Riwayat Raja Bone (3): La Saliyu Karempalua
MASIH bayi sudah menjadi raja negeri besar. Inilah yang terjadi pada
diri Karempalua karena sudah menjadi ketetapan pamannya, Raja Bone II La
Ummase’. Dalam Lontaraq Akkarungeng ri Bone disebutkan bahwa La Saliyu
Karempalua (1424 – 1496) adalah Arumpone (Raja Bone) yang menggantikan
pamannya, La Ummase’. Kedudukannya ini diterima dari pamannya sejak
berusia satu malam (masih bayi). Kalau ada sesuatu yang akan diputuskan
maka To Suwalle yang memangkunya menjadi juru bicaranya. Kemudian yang
bertindak selaku Makkedangen Tana (Perdana Menteri) adalah To Sulewakka.

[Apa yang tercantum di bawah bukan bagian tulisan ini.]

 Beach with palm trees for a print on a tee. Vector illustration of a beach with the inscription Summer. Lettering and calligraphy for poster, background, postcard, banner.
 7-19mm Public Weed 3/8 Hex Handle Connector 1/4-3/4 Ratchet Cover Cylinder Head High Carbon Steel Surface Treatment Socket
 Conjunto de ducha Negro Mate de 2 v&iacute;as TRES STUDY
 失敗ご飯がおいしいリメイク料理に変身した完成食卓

Ketika memasuki usia dewasa, barulah La Saliyu Karampelua mengunjungi
orang tuanya di Palakka. Sesampainya di Palakka, kedua orang tuanya
sangat gembira dan diberikanlah pusakanya yang menjadi miliknya, juga
Pasar Palakka. Sejak itu orang Palakka tidak lagi berpasar di Palakka
tapi pindah ke Bone. La Saliyu Karampelua dikenal sangat mencintai dan
menghormati kedua orang tuanya. Ata’ alena (hamba sendirinya)

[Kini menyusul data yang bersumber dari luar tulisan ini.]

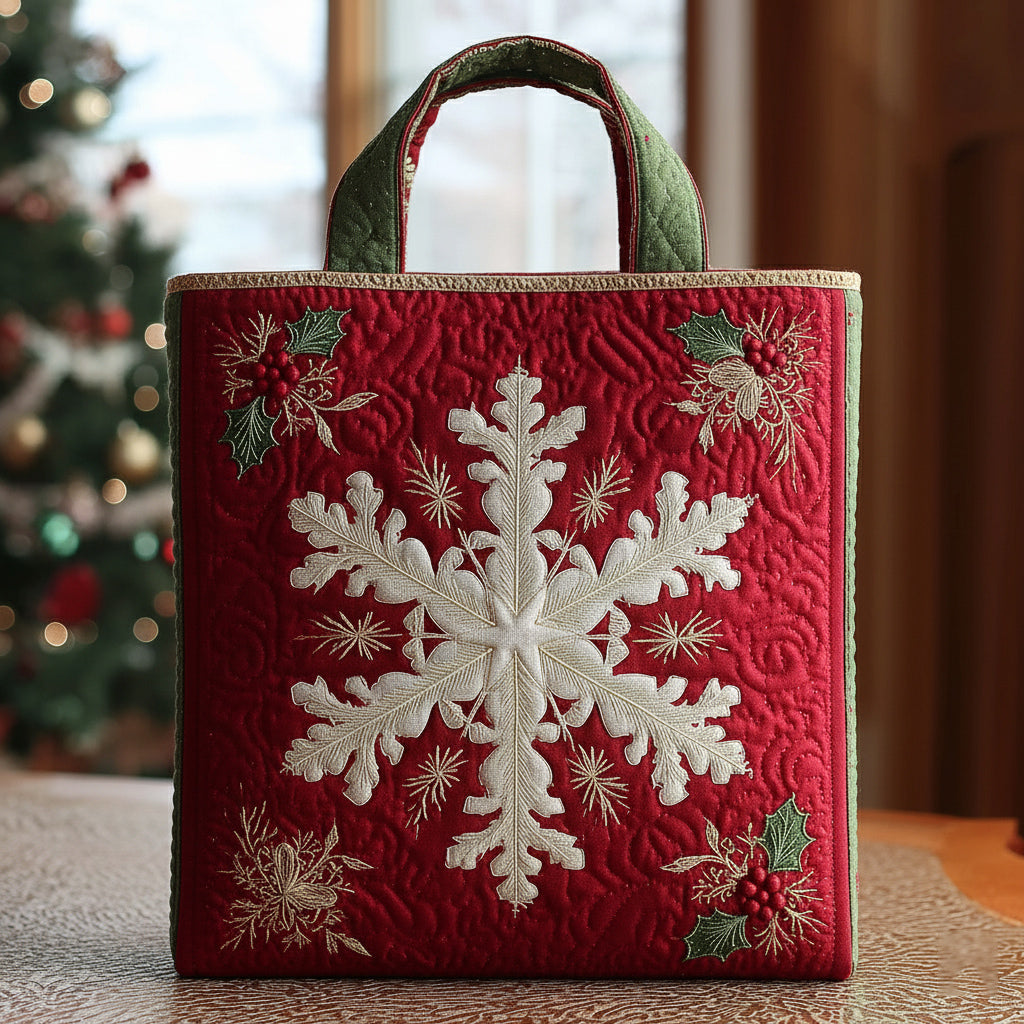 Whimsical Snowflake Burst Quilted Tote Bag VTQ-Myprintsy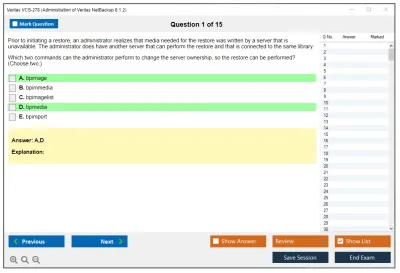 Veritas VCS-278 Administration of Veritas NetBackup 8.1.2 Practice test exam simulator test engine exam Prep practice test questions answers Image 1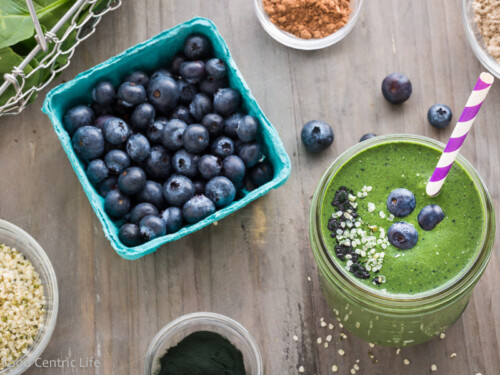 Superfood Blueberry Green Smoothie | AFoodCentricLife.com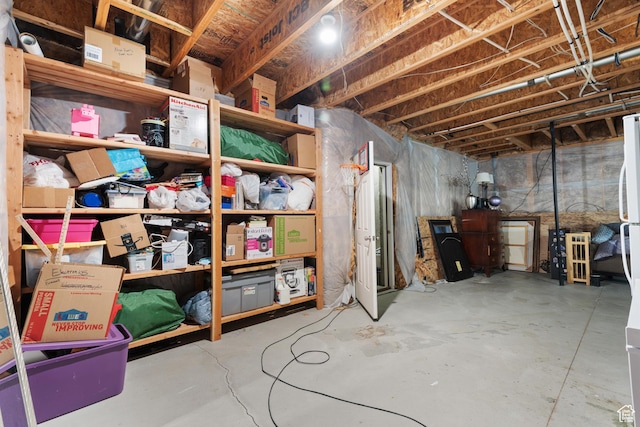 view of storage area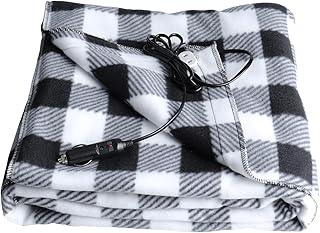 Electric Car Blanket- Heated 59 x 40inch 12 Volt Fleece Travel Throw for Car and RV-Great for Cold Weather, Tailgating, and Emergency Kits Black/White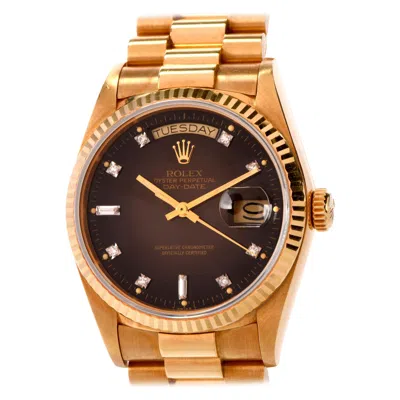 Pre-owned Rolex President Brown Dial Diamond 18k Day Date Watch Ref 18038
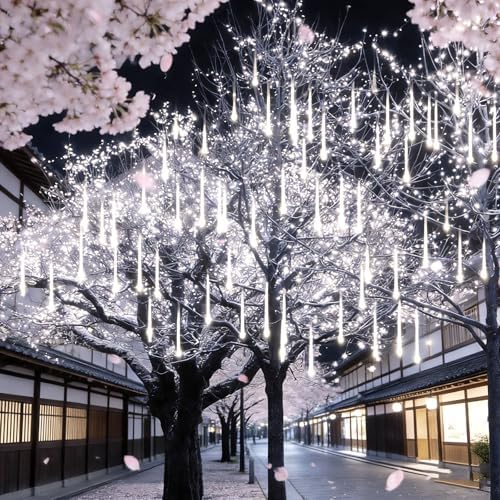 2-Pack 16 Tubes 12 Inch Meteor Shower Lights Outdoor Solar Powered LED String Light, IP65 Waterproof, Halloween Christmas Tree Garden Patio Wedding Party Holiday Decorations by ThelightofBuroraix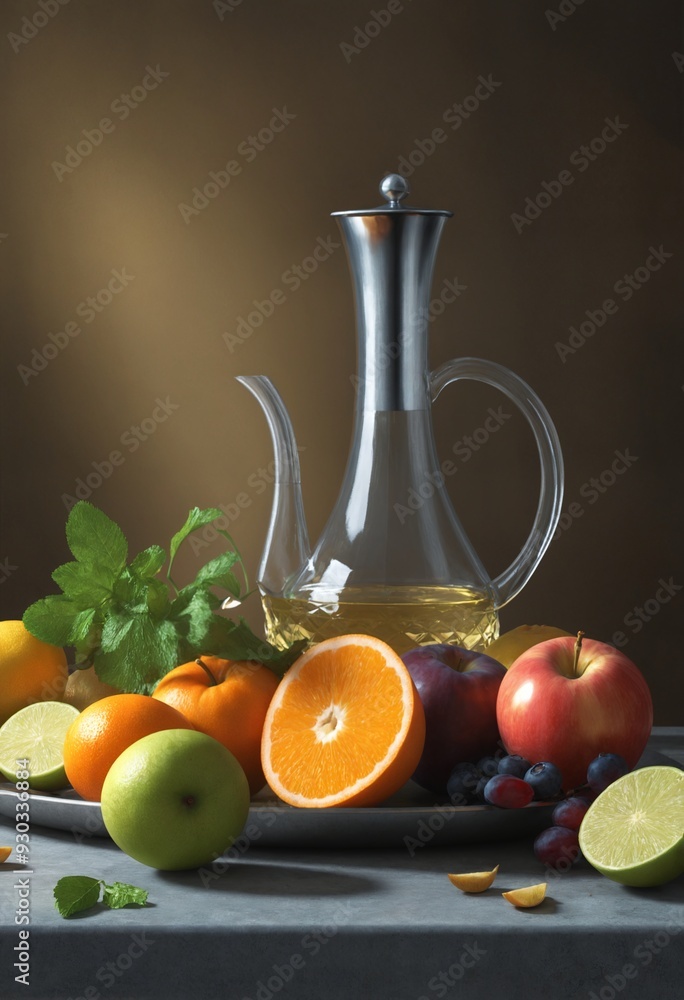 Fruit bowl with silver pitcher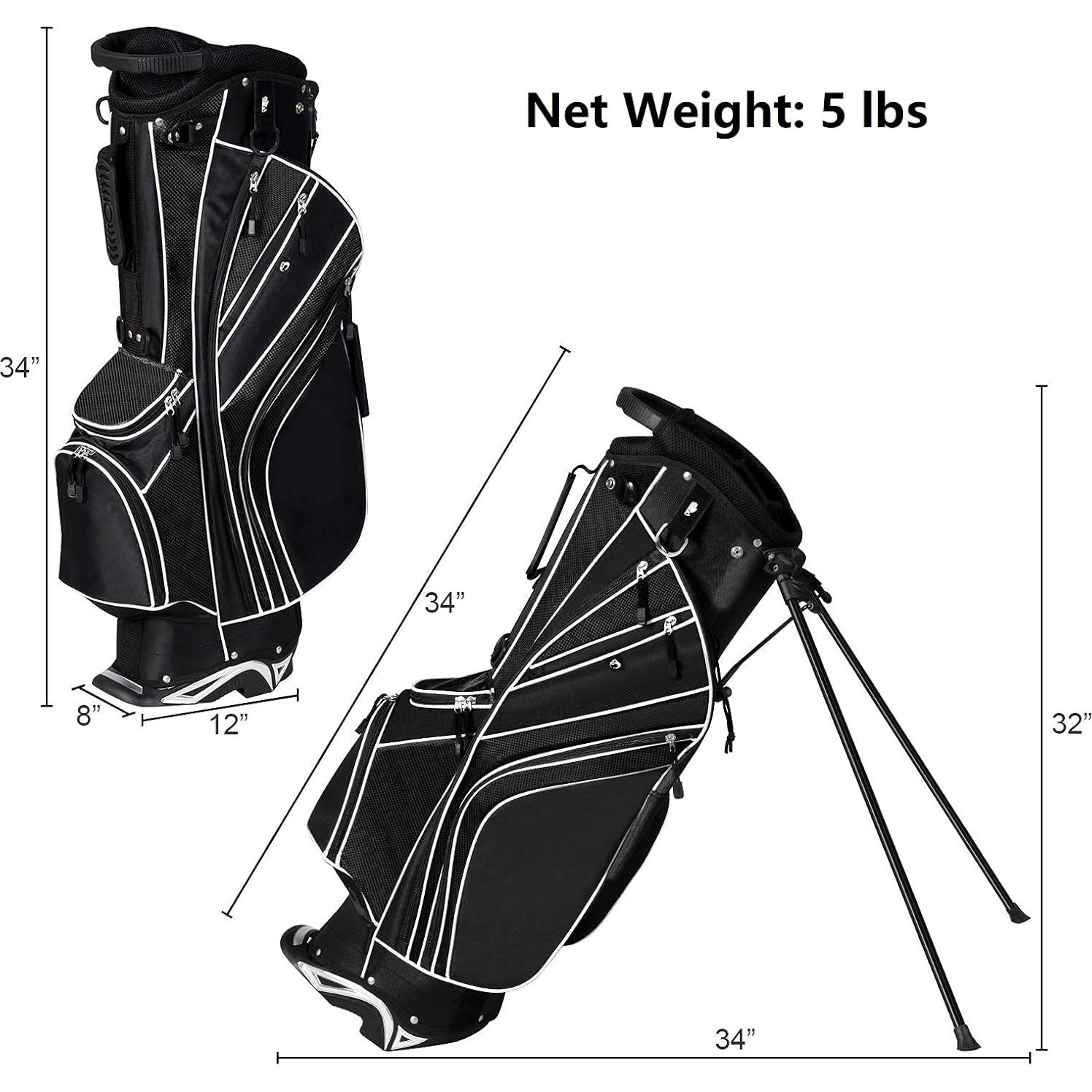 Bolsa de Golf de Pie MEDIMALL Negra, 6 Divisores, 7 Bolsillos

dikeluarkan dari Saoraja (istana) dan ditempatkan di Panyula. Sementara
hamba yang didapatkan setelah menjadi Arumpone di tempatkan di Limpenno.
Orang Panyula dan orang Limpennolah yang mempersembahkan ikan. Dia pula
yang menjadi pendayung perahunya dan pengusungnya jika Arumpone ini
bepergian jauh.
La Saliyu Karampelua sangat dicintai oleh rakyatnya
karena memiliki sifat - sifat rajin, jujur, cerdas, adil dan bijaksana.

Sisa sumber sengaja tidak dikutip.